BEGIN Records for this task
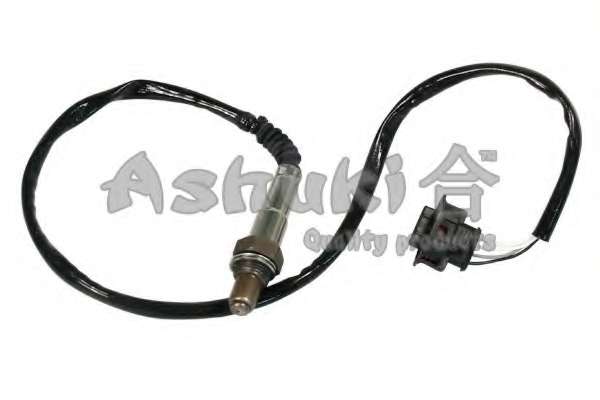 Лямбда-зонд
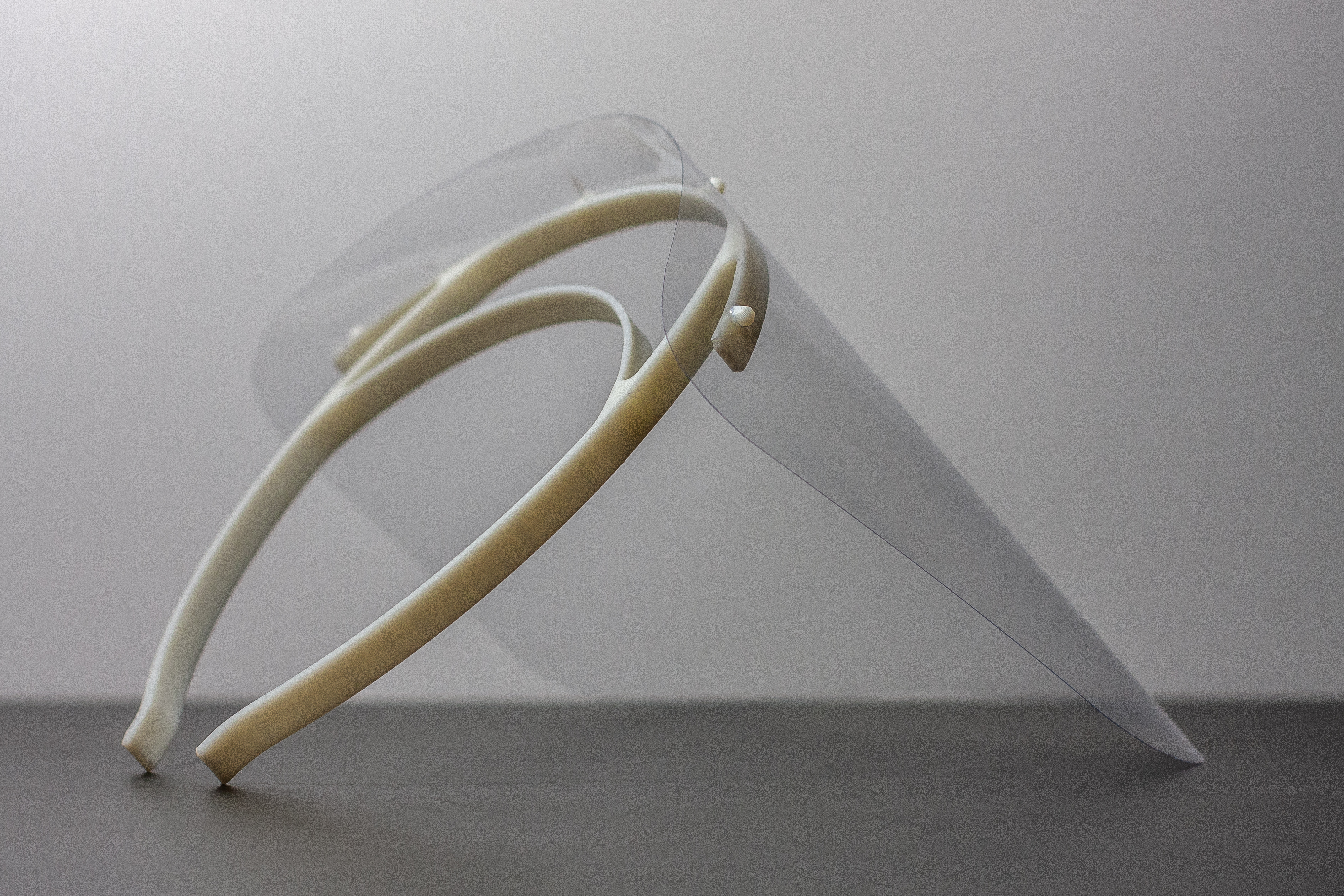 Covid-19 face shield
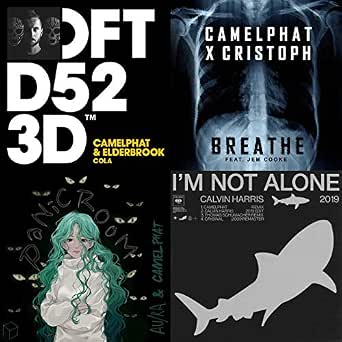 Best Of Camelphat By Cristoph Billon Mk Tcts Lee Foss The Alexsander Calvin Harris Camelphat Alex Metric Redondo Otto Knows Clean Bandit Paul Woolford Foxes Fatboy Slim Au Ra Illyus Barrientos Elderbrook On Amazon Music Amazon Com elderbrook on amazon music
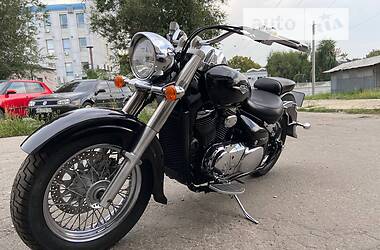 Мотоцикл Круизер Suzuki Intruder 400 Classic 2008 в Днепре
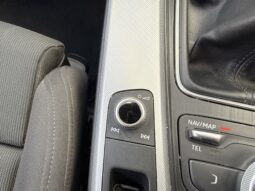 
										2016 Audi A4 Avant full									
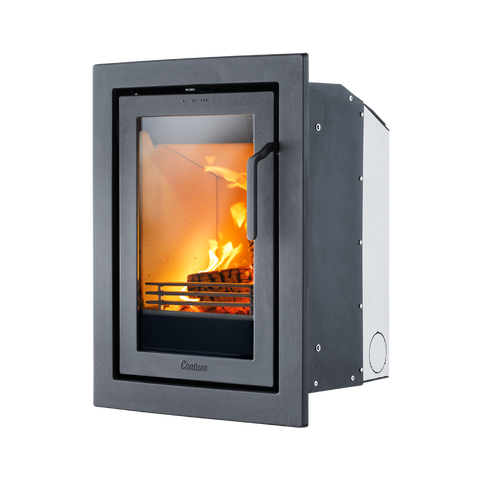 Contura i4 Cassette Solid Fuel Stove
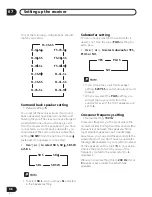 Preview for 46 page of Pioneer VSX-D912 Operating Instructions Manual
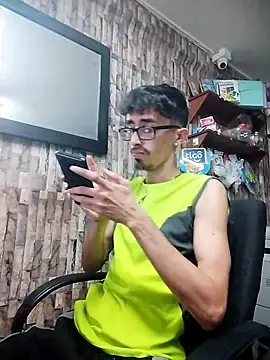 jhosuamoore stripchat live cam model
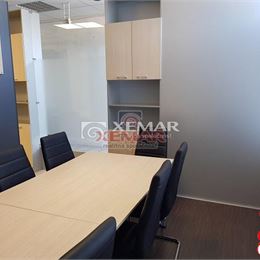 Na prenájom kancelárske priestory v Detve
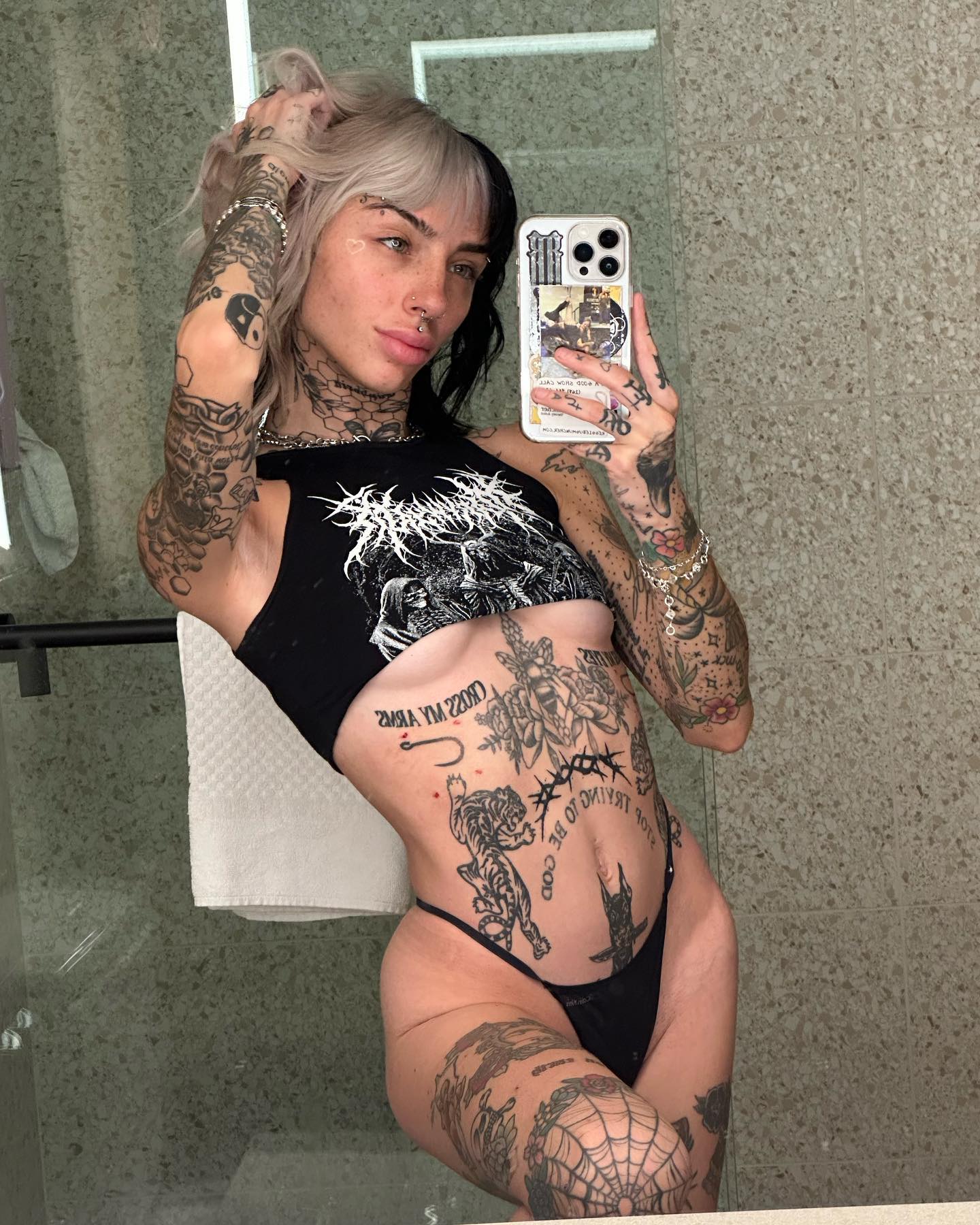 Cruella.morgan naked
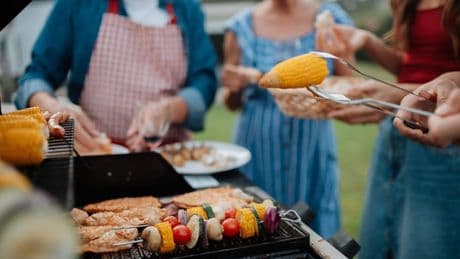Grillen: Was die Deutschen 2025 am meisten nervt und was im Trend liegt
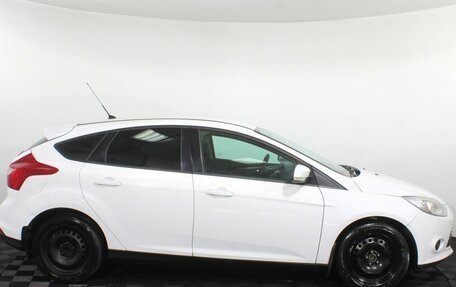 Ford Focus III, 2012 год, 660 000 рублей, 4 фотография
END Records for this task
BEGIN Records for this task
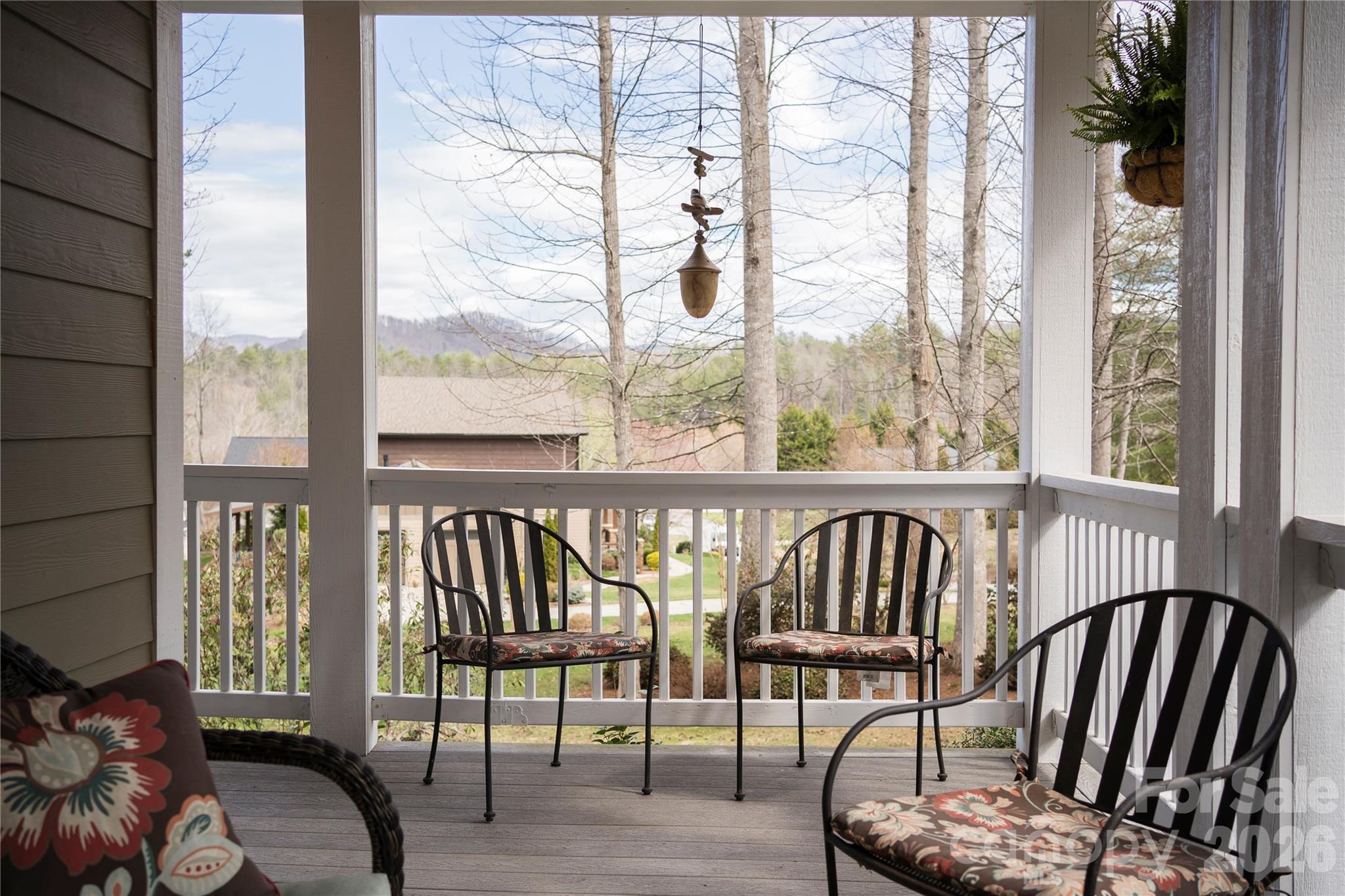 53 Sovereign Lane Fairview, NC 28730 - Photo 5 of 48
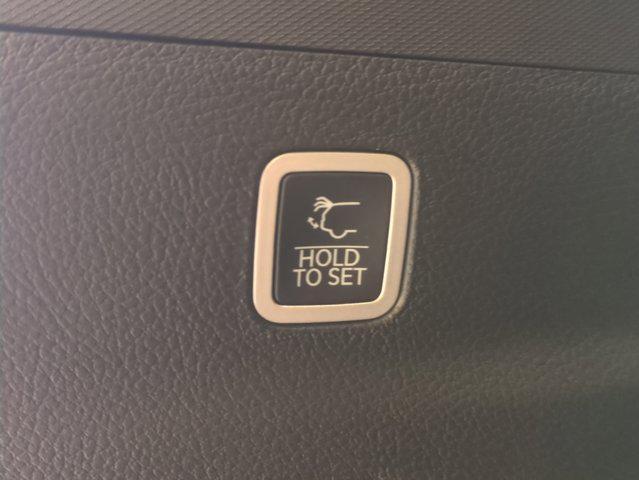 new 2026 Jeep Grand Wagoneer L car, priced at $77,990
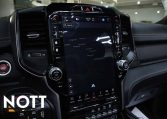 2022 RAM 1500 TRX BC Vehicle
END Records for this task
_What needs to be done_
Beginning with the line above that has "Best Of Camelphat" and going on through the line that has "2016 Audi A4 Avant full", retype every line exactly and add nothing else; drop the pictures.

_Solution for this task_
 Best Of Camelphat By Cristoph Billon Mk Tcts Lee Foss The Alexsander Calvin Harris Camelphat Alex Metric Redondo Otto Knows Clean Bandit Paul Woolford Foxes Fatboy Slim Au Ra Illyus Barrientos Elderbrook On Amazon Music Amazon Com elderbrook on amazon music
 Мотоцикл Круизер Suzuki Intruder 400 Classic 2008 в Днепре
										2016 Audi A4 Avant full									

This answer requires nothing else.